→ Required work
Leaving out every line before the one with "龍頭魚尾圖片高清版【龍頭魚尾吊墜的吉祥寓意世界不能沒有橘子小狗】 龍魚論壇 第13張", write out the rest of the records below exactly.

→ Records to process
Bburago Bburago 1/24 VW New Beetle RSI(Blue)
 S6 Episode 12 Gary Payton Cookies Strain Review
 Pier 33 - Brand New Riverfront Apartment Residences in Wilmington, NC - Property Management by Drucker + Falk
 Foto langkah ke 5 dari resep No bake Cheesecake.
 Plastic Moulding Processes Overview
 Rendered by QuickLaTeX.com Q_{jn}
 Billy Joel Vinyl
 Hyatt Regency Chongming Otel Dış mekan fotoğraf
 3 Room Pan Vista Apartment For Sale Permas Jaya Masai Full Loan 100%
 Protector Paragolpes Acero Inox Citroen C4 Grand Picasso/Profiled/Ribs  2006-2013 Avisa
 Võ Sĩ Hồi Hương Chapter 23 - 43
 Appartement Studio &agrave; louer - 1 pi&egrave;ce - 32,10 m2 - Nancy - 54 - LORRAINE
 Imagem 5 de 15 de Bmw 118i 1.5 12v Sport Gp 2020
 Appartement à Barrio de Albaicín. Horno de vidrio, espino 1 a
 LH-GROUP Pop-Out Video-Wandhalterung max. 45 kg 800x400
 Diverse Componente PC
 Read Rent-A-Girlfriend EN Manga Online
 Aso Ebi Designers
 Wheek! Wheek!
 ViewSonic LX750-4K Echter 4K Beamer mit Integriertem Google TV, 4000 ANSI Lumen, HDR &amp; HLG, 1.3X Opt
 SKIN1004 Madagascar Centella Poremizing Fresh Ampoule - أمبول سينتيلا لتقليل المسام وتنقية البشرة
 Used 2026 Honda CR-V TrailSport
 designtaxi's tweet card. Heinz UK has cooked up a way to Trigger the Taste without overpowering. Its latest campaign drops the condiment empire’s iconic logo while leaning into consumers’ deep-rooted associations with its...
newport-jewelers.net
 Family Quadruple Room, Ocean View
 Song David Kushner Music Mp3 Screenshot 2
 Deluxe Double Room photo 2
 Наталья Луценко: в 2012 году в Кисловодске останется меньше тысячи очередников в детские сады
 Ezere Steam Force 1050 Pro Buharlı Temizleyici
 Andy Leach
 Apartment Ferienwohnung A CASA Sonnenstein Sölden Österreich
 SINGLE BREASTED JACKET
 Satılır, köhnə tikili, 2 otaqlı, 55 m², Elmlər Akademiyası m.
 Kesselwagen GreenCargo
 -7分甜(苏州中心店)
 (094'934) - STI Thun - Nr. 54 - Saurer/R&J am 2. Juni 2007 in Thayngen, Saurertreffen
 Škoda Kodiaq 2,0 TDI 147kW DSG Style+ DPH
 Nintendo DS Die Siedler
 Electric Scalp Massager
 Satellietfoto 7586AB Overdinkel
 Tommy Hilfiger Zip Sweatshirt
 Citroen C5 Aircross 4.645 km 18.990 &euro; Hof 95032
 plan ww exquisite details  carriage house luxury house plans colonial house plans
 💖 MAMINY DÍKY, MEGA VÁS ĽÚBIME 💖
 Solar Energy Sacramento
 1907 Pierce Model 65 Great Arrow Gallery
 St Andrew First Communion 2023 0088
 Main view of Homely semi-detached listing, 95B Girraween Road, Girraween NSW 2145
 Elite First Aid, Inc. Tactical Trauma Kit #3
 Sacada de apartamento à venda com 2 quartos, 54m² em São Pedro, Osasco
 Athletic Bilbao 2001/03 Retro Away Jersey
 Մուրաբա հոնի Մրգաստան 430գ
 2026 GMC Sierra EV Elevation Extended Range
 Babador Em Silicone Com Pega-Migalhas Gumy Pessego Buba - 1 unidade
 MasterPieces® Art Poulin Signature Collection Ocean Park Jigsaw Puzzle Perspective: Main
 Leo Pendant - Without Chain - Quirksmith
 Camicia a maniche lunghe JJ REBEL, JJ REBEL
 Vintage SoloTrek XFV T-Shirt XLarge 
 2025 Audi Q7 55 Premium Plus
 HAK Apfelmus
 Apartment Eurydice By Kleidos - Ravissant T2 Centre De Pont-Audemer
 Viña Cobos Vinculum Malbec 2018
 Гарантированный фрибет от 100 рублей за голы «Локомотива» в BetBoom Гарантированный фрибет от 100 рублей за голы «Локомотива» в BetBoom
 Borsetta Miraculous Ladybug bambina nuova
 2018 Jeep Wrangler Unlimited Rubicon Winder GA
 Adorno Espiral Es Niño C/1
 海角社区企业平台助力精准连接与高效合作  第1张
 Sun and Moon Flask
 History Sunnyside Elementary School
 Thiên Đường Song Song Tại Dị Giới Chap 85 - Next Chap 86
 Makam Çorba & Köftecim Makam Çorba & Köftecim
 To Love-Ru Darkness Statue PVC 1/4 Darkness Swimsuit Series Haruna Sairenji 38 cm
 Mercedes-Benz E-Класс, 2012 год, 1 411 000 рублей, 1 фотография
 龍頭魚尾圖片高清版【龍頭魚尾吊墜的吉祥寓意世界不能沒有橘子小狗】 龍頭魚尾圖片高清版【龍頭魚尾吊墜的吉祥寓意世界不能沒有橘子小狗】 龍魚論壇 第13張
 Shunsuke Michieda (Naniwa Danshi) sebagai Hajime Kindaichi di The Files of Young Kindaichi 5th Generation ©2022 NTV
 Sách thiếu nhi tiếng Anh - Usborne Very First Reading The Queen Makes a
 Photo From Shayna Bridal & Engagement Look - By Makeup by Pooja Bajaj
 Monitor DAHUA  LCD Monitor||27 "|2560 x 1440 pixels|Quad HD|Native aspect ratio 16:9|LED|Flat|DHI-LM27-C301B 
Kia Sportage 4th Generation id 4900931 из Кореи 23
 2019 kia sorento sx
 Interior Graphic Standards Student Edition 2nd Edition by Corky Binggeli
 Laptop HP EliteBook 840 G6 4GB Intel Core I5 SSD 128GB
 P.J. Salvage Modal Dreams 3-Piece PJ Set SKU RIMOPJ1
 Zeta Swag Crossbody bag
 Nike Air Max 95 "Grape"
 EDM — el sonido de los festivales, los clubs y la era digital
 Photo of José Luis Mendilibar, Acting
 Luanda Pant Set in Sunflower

→ Result
 龍頭魚尾圖片高清版【龍頭魚尾吊墜的吉祥寓意世界不能沒有橘子小狗】 龍頭魚尾圖片高清版【龍頭魚尾吊墜的吉祥寓意世界不能沒有橘子小狗】 龍魚論壇 第13張
 Shunsuke Michieda (Naniwa Danshi) sebagai Hajime Kindaichi di The Files of Young Kindaichi 5th Generation ©2022 NTV
 Sách thiếu nhi tiếng Anh - Usborne Very First Reading The Queen Makes a
 Photo From Shayna Bridal & Engagement Look - By Makeup by Pooja Bajaj
 Monitor DAHUA  LCD Monitor||27 "|2560 x 1440 pixels|Quad HD|Native aspect ratio 16:9|LED|Flat|DHI-LM27-C301B 
Kia Sportage 4th Generation id 4900931 из Кореи 23
 2019 kia sorento sx
 Interior Graphic Standards Student Edition 2nd Edition by Corky Binggeli
 Laptop HP EliteBook 840 G6 4GB Intel Core I5 SSD 128GB
 P.J. Salvage Modal Dreams 3-Piece PJ Set SKU RIMOPJ1
 Zeta Swag Crossbody bag
 Nike Air Max 95 "Grape"
 EDM — el sonido de los festivales, los clubs y la era digital
 Photo of José Luis Mendilibar, Acting
 Luanda Pant Set in Sunflower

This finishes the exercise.